Jonathan Dyal et al. Med Mycol. 2016 May.

Abstract

Quantitative cerebrospinal fluid (CSF) cultures provide a measure of disease severity in cryptococcal meningitis. The fungal clearance rate by quantitative cultures has become a primary endpoint for phase II clinical trials. This study determined the inter-assay accuracy of three different quantitative culture methodologies. Among 91 participants with meningitis symptoms in Kampala, Uganda, during August-November 2013, 305 CSF samples were prospectively collected from patients at multiple time points during treatment. Samples were simultaneously cultured by three methods: (1) St.
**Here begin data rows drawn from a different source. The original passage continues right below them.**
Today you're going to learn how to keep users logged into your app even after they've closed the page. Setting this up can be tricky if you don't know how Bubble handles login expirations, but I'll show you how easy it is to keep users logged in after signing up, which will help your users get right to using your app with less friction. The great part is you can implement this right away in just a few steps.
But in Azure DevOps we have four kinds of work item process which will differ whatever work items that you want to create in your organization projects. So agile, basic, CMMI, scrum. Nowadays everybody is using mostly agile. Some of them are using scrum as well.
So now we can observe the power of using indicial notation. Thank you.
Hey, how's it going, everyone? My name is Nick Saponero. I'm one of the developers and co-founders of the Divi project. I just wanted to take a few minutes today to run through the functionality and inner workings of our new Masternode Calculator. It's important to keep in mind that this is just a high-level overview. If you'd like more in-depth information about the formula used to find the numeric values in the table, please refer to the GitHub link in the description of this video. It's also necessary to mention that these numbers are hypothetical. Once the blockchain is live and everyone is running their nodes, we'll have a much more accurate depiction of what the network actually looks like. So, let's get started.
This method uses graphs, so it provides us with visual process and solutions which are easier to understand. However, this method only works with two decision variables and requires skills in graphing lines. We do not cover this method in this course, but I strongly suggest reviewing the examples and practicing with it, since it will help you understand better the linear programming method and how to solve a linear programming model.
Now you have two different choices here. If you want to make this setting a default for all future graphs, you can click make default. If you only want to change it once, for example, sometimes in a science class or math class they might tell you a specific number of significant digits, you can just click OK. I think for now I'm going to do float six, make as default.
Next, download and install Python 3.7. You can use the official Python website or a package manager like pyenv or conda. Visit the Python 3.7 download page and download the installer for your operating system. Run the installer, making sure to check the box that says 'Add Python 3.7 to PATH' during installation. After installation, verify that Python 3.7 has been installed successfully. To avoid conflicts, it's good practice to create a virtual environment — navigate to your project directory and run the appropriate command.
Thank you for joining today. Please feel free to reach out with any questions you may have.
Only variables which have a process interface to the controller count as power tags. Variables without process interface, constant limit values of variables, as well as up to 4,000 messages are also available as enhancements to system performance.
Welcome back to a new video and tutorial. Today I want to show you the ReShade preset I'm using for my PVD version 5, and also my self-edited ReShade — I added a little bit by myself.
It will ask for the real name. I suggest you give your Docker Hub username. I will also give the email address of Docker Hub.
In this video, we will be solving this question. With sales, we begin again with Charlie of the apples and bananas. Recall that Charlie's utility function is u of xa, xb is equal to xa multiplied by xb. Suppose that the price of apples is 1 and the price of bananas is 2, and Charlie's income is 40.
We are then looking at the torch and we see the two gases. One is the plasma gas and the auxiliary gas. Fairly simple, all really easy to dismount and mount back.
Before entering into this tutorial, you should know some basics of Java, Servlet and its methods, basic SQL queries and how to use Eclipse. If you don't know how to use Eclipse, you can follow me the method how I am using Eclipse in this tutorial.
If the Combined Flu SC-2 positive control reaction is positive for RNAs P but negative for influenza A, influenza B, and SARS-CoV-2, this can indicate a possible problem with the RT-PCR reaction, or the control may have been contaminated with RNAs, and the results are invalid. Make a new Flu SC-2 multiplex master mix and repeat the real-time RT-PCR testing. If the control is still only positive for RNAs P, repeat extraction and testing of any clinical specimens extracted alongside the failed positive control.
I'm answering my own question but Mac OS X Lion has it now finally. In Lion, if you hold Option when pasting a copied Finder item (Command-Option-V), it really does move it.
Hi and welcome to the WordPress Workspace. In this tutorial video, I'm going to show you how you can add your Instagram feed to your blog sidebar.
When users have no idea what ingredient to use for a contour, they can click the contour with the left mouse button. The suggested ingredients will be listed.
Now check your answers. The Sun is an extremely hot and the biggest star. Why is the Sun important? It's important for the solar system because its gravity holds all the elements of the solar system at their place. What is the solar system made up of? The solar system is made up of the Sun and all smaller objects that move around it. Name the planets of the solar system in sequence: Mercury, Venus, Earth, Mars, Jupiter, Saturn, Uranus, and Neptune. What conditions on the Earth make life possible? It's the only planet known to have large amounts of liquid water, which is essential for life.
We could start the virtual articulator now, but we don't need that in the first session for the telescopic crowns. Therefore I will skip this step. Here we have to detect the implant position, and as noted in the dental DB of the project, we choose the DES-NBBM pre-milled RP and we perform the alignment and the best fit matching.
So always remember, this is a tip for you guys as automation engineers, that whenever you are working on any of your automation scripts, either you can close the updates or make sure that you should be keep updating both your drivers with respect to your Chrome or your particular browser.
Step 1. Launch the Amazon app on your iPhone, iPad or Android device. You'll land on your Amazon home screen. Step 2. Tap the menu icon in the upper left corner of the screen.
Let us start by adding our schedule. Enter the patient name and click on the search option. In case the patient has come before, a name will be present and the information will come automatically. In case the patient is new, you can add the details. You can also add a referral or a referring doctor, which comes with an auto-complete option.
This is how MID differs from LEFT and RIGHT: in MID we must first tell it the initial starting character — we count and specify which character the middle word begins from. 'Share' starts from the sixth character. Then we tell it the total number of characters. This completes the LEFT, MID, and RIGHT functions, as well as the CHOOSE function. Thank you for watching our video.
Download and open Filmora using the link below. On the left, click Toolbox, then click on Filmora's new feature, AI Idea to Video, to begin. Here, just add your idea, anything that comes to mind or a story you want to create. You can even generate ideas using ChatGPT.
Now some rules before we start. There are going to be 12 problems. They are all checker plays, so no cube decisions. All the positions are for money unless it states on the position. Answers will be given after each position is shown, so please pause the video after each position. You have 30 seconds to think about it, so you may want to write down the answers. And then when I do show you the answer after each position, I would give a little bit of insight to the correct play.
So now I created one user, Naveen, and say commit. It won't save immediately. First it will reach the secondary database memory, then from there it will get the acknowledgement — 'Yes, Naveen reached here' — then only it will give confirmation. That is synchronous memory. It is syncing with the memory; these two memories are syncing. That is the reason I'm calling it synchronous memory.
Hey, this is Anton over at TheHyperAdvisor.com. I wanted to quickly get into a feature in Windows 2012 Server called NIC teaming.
George's 100 mcl input volume of CSF with five 1:10 serial dilutions, (2) AIDS Clinical Trials Group (ACTG) method using 1000, 100, 10 mcl input volumes, and two 1:100 dilutions with 100 and 10 mcl input volume per dilution on seven agar plates; and (3) 10 mcl calibrated loop of undiluted and 1:100 diluted CSF (loop). Quantitative culture values did not statistically differ between St. George-ACTG methods (P= .09) but did for St. George-10 mcl loop (P< .001). Repeated measures pairwise correlation between any of the methods was high (r≥0.88). For detecting sterility, the ACTG-method had the highest negative predictive value of 97% (91% St. George, 60% loop), but the ACTG-method had occasional (∼10%) difficulties in quantification due to colony clumping. For CSF clearance rate, St. George-ACTG methods did not differ overall (mean -0.05 ± 0.07 log10CFU/ml/day;P= .14) on a group level; however, individual-level clearance varied. The St. George and ACTG quantitative CSF culture methods produced comparable but not identical results. Quantitative cultures can inform treatment management strategies.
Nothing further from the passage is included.